Environment & Sustainability

As a good corporate citizen, coupled to the genuine concern for the future viability of a sustainable environment, Intralux Australia is dedicated to continuous energy efficient product development initiatives.

Residential and Commercial sector lighting has a large draw on energy resources, accounting for 25% and 40% respectively of total energy use. In a world of diminishing energy reserves, efficiency in lighting plays a major role in slowing the demand on these finite resources.

Whilst lighting is of great importance to industry, commerce and the general wellbeing of earth’s human inhabitants, greater innovation is being applied to lighting development than most other energy use sectors. Now beyong community pressure or encouragement, Governments now legislate levels of reduction in lighting energy consumption because it is a visible commodity. Yet much would be made of degradation to the amenity of public lighting if it was to be switched off or dramatically reduced. Some would argue that law and order would suffer if public lighting was curtailed. Therefore More Light – Less Power is the future.

The lighting industry has done more over the past ten years to arrest the trend of energy over-consumption that over the previous 100 years, with the introduction of energy efficient lamps such as the T5 Fluorescent, Induction lamps, LED’s and smart controls.
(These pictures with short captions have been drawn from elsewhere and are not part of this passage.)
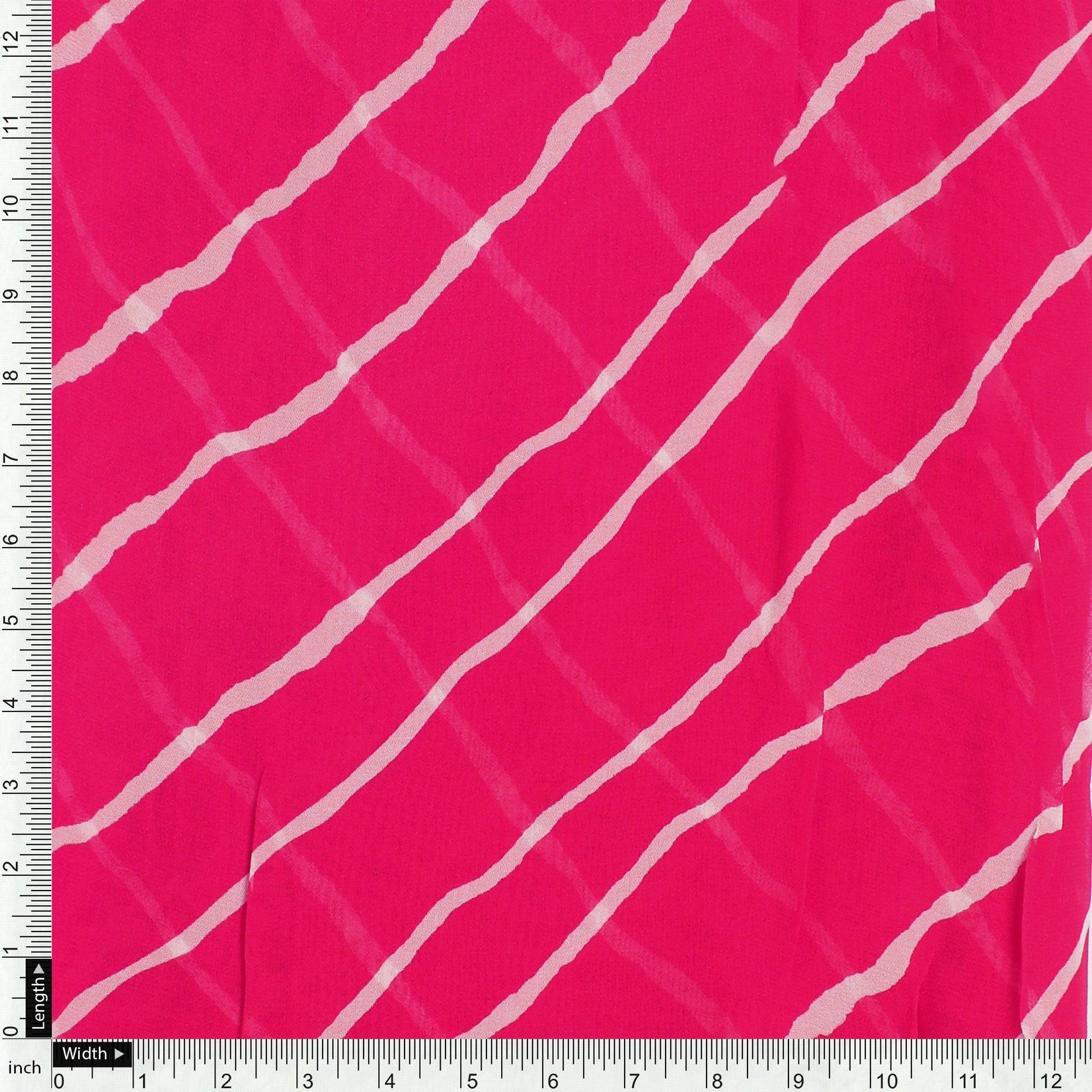 Lovely Pink Gradient Strips Wave Digital Printed Fabric - Pure Georgette - FAB VOGUE Studio®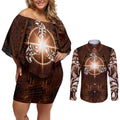 New Zealand Matariki Tupuanuku Couples Matching Off Shoulder Short Dress and Long Sleeve Button Shirt Maori Moko Brown Galaxy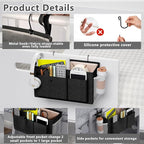 Edudif Bedside Caddy Bedside Organizer with Fixed Straps & Water Bottle Holder, Bunk Bed Caddy ideal for Home, Dorm, Hospital, Crib, Versatile Bedside Storage Solution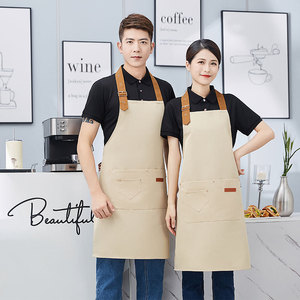 Navy Blue Adjustable <b>Apron</b> One Size Polyester Workwear For Drink Food Shops With Logo Printing - Product Image 3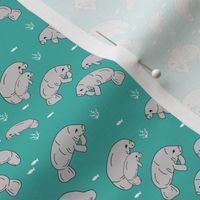 SMALL - manatee fabric // manatees dugong animals design andrea lauren fabric - turquoise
Intralux Australia has a heavy commitment as a product developer in ensuring environmental impact is minimised and sustainability remains a priority. Being a product design and manufacturer, our ability to influence the outcomes are considerable. Everything from minimizing the factory footprint for manufacturing, to raw material selections enabling near 100% recycle; enhances the sustainable nature of our product contribution to the community at large. Products with a life expectancy of 20 years + that are both maintainable and upgradable further reducing the need for unsustainable frequent product replacement, which has become the ‘norm’ with low cost inferior products.